Tainna, The Unseen Ones, Short Stories, by Inuit author and educator Norma Dunning, draws on both lived experience and cultural memory to bring together six powerful new short stories centred on modern-day Inuk characters. Ranging from homeless to extravagantly wealthy, from spiritual to jaded, young to elderly, and even from alive to deceased, Dunning’s characters are united by shared feelings of alienation, displacement and loneliness resulting from their experiences in southern Canada.
Let's Eat Bannock by Masiana Kelly, Inuit and Dene from Kugluktuk, Nunavut, and Fort Simpson, NWT. In, Let's Eat Bannock, learn all about this delicious treat! Bannock is enjoyed by people across Nunavut. Many families have their own recipes that have been passed down for generations. This book provides information about bannock, its history, and how it is made.
Nanuq's Baby Brother is written by Nadia Sammurtok, an Inuit writer and educator from Rankin Inlet, with Rachel Rupke; and illustrated by Ali Hinch. In Nanuq's Baby Brother, Nanuq is so excited when she finds out she is going to be a big sister! She thinks about all the fun things she will do with her new sibling. But when her baby brother is born, he cries all the time. Her parents are so busy with the baby, they don’t have time for her anymore. Nanuq feels lonely. Is this really what being a big sister is like?
Why Is Sissy Grumpy? is written by Nadia Mike, an Inuit educator, and illustrated by Amanda Sandland. In, Why is Sissi Grumpy? Sissi and Tuka are good friends but lately Tuka has noticed some changes in Sissi. She isn't being very nice, and sometimes she hurts Tuka's feelings. How can Tuka find a way to let Sissi know how her behaviour is making him feel?

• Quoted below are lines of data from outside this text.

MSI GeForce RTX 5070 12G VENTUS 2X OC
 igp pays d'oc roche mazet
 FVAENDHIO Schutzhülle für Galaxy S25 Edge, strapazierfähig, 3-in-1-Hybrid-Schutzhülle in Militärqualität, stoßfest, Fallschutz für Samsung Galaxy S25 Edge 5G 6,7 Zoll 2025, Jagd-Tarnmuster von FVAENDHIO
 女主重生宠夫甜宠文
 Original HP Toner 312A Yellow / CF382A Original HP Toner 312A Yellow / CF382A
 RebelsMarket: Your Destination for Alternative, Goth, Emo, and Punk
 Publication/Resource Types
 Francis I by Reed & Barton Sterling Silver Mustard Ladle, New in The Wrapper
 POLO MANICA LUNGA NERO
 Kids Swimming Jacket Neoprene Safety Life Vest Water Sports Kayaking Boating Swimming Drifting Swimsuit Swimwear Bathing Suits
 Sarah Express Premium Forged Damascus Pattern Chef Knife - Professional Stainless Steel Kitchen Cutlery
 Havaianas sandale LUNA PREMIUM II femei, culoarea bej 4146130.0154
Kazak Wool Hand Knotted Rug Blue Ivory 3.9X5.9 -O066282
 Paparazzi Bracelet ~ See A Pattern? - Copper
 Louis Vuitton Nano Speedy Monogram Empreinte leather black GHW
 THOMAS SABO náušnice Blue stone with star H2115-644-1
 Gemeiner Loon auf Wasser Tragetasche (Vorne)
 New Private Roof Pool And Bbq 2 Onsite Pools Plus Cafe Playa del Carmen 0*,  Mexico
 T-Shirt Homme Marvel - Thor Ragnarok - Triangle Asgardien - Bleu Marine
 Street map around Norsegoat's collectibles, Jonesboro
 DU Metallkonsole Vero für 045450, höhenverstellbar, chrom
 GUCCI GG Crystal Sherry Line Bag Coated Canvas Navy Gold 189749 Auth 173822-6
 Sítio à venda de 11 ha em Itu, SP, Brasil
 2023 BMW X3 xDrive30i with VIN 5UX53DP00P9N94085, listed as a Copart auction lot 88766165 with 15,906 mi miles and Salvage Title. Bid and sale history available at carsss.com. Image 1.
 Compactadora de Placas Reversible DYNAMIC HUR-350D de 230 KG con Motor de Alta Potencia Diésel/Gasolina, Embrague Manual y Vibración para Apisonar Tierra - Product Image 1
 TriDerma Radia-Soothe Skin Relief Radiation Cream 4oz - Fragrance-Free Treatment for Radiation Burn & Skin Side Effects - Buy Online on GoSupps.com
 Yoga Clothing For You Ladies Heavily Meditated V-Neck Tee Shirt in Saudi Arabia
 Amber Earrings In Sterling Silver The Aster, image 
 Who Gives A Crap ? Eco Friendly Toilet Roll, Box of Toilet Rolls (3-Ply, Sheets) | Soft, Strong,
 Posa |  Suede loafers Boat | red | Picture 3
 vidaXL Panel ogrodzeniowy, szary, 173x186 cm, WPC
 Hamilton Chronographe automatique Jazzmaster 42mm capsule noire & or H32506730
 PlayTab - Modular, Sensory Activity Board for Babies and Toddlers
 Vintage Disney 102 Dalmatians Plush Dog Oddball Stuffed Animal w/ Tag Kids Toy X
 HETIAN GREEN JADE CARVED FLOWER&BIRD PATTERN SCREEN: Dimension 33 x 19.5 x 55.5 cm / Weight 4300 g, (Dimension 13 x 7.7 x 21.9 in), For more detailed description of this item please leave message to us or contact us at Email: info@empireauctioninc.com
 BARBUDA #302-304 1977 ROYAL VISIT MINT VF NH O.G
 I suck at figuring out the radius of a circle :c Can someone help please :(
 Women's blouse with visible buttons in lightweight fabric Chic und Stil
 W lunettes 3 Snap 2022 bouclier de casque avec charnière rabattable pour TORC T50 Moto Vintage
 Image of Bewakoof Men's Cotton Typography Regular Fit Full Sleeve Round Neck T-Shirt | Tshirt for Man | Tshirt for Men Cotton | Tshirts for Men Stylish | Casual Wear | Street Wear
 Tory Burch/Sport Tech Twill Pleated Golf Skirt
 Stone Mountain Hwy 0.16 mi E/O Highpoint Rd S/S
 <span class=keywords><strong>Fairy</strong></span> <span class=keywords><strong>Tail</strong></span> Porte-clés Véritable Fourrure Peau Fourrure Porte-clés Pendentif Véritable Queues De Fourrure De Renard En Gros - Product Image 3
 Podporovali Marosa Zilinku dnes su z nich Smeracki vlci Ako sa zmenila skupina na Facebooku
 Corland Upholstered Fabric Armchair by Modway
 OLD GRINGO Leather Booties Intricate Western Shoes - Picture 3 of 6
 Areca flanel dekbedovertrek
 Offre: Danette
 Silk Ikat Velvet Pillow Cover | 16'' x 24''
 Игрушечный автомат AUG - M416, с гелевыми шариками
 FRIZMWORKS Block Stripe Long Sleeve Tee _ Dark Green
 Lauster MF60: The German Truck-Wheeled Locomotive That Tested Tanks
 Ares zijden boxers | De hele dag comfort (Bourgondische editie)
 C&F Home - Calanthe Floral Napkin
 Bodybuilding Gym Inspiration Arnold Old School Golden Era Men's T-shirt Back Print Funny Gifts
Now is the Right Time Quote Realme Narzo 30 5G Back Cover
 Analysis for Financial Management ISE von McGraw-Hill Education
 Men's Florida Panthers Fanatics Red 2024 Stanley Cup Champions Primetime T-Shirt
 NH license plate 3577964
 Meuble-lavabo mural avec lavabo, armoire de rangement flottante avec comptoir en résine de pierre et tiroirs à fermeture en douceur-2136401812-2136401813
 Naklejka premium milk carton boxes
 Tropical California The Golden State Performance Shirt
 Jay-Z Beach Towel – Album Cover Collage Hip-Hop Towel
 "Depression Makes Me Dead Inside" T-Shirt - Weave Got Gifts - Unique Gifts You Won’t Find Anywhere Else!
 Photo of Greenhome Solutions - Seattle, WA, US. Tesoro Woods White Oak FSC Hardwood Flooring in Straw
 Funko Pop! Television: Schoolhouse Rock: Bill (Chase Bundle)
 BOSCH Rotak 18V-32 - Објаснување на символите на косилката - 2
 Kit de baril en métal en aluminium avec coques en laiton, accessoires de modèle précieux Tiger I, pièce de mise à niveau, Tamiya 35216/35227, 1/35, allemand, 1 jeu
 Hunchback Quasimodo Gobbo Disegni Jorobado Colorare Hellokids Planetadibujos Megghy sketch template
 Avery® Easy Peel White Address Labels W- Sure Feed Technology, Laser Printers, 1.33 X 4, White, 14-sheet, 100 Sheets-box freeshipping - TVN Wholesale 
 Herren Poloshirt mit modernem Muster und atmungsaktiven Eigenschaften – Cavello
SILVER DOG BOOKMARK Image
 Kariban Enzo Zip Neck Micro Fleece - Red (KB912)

Willy's New Pup: A Story From Labrador, is written by Sherry Blake an Inuk throat singer who performs with the group The Blake Sisters. She grew up in Rigolet, Newfoundland. Willy's New Pup is illustrated by Lenny Lishchenko. In Willy's New Pup, Willy's friend Sid comes to visit, and he brings Willy a surprise—a new pup! Willy's new pup is strong and fast, but he needs a lot of training before he can become the new lead dog. When Willy finally decides his new pup is ready for his first hunting trip, something happens that puts the dog's strength and bravery to the test.
In Tuktu Says written by Nadia Sammurtok, an Inuit writer and educator originally from Rankin Inlet, Nunavut; and illustrated by Ali Hinch,Tuktu and his friends are playing so join them and you can play, move, or make sounds along by doing the actions with the characters in this book. With interactive books, children are encouraged to actively participate in the stories they are listening to through directions or instructional text.
This Is What I See is written by Looee Arreak who lives in Iqaluit, Nunavut and grew up in Pangnirtung, Nunavut. She is an award winning Inuktitut singer and songwriter and composed a song “Qaujimavunga Kinummangaarma - I Know Who I Am,” In, This Is What I See, let's count what we see and sing along as we count the animals we see on the tundra. This Is What I See is illustrated by We Are Together.